The Mechanism of Baicalin in the Treatment of Mycoplasma Pneumoniae Pneumonia by Regulating NLRP3/Caspase-1 Signaling Pathway.

作者信息

Song Dan, Wei Wenfeng, Zhang Jie, Zhang Lu, Wang Weiming, Huo Jinhai

机构信息

Traditional Chinese Medicine, Heilongjiang Academy of Traditional Chinese Medicine, Harbin, Heilongjiang, China.

Nursing, Heilongjiang Nursing College, Harbin, China.

出版信息

Immunol Invest. 2025 May;54(4):560-572. doi: 10.1080/08820139.2025.2450244. Epub 2025 Jan 9.

DOI:10.1080/08820139.2025.2450244
PMID:39781905
Abstract

OBJECTIVE

This study investigated the mechanism of baicalin (BIA) attenuating the inflammatory response and lung injury in mycoplasma pneumoniae pneumonia (MPP) mice.

METHODS

MPP mouse models were established and then treated with BIA, azithromycin, or NLRP3 inflammasome activator.
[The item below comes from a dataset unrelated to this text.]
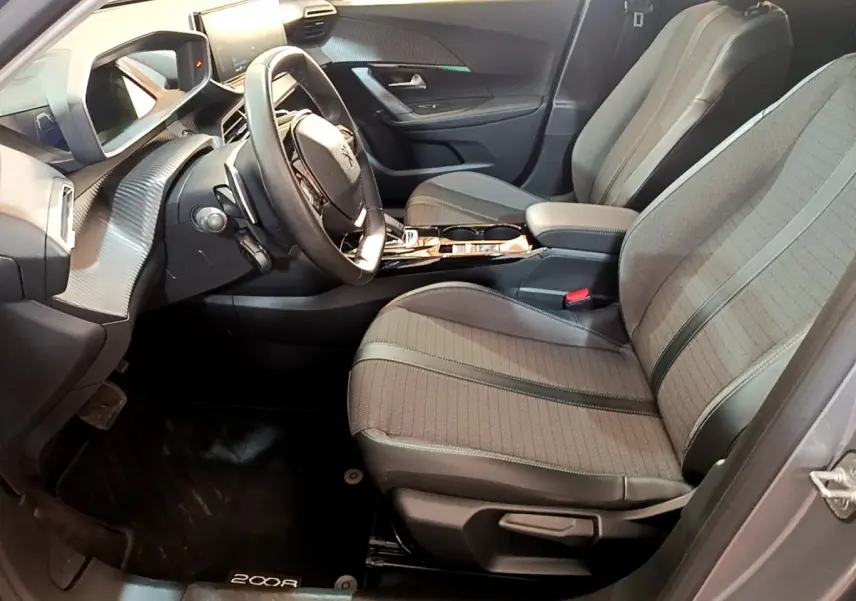 Intérieur avant droit du Peugeot 2008 gris clair 2021, sièges tissu, volant cuir et tableau de bord numérique.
Lung wet-to-dry weight (W/D) ratio were weighed. Serum levels of MP-IgM, C-reactive protein (CRP) and bronchoalveolar lavage fluid (BALF) protein were detected by kits, NLRP3/Caspase-1 pathway-related protein levels by Western blot, and IL-1β, IL-18, IL-6 and TNF-α levels by ELISA. HE staining was performed to detect lung injury.

RESULTS

MPP mice showed elevated mouse lung W/D ratio, upregulated serum MP-IgM and CRP levels and BALF protein, and enhanced IL-6 and TNF-α levels, which were reversed by BIA or azithromycin treatment, suggesting that BIA attenuated pulmonary inflammatory response in MPP mice. The lung tissue of MPP mice showed upregulated NLRP3, cleaved Caspase-1,Caspase-1, GSDMD-N and GSDMD levels and raised IL-1β and IL-18 levels, and changes were annulled by BIA or azithromycin treatment, suggesting that BIA inhibited the NLRP3/Caspase-1 pathway activation. NLRP3/Caspase-1 pathway activation partially abrogated the alleviative effect of BIA on the pulmonary inflammatory response of MPP mice.

CONCLUSION

BIA mitigates inflammatory response and lung injury in MPP mice by inhibiting NLRP3/Caspase-1 pathway activation.

摘要

目的

本研究探讨黄芩苷(BIA)减轻肺炎支原体肺炎(MPP)小鼠炎症反应和肺损伤的机制。

方法

建立MPP小鼠模型,然后用BIA、阿奇霉素或NLRP3炎性小体激活剂进行治疗。称取肺组织湿重与干重之比(W/D)。采用试剂盒检测血清中MP-IgM、C反应蛋白(CRP)水平以及支气管肺泡灌洗液(BALF)蛋白含量,采用蛋白质免疫印迹法检测NLRP3/Caspase-1通路相关蛋白水平,采用酶联免疫吸附测定法检测白细胞介素-1β(IL-1β)、白细胞介素-18(IL-18)、白细胞介素-6(IL-6)和肿瘤坏死因子-α(TNF-α)水平。进行苏木精-伊红(HE)染色以检测肺损伤情况。

结果

MPP小鼠肺组织W/D比值升高,血清MP-IgM和CRP水平以及BALF蛋白含量上调,IL-6和TNF-α水平升高,而BIA或阿奇霉素治疗可使其逆转,提示BIA减轻了MPP小鼠的肺部炎症反应。MPP小鼠肺组织中NLRP3、裂解的Caspase-1、Caspase-1、Gasdermin-D N端(GSDMD-N)和GSDMD水平上调,IL-1β和IL-18水平升高,BIA或阿奇霉素治疗可消除这些变化,提示BIA抑制了NLRP3/Caspase-1通路的激活。NLRP3/Caspase-1通路激活部分抵消了BIA对MPP小鼠肺部炎症反应的缓解作用。

结论

BIA通过抑制NLRP3/Caspase-1通路激活减轻MPP小鼠的炎症反应和肺损伤。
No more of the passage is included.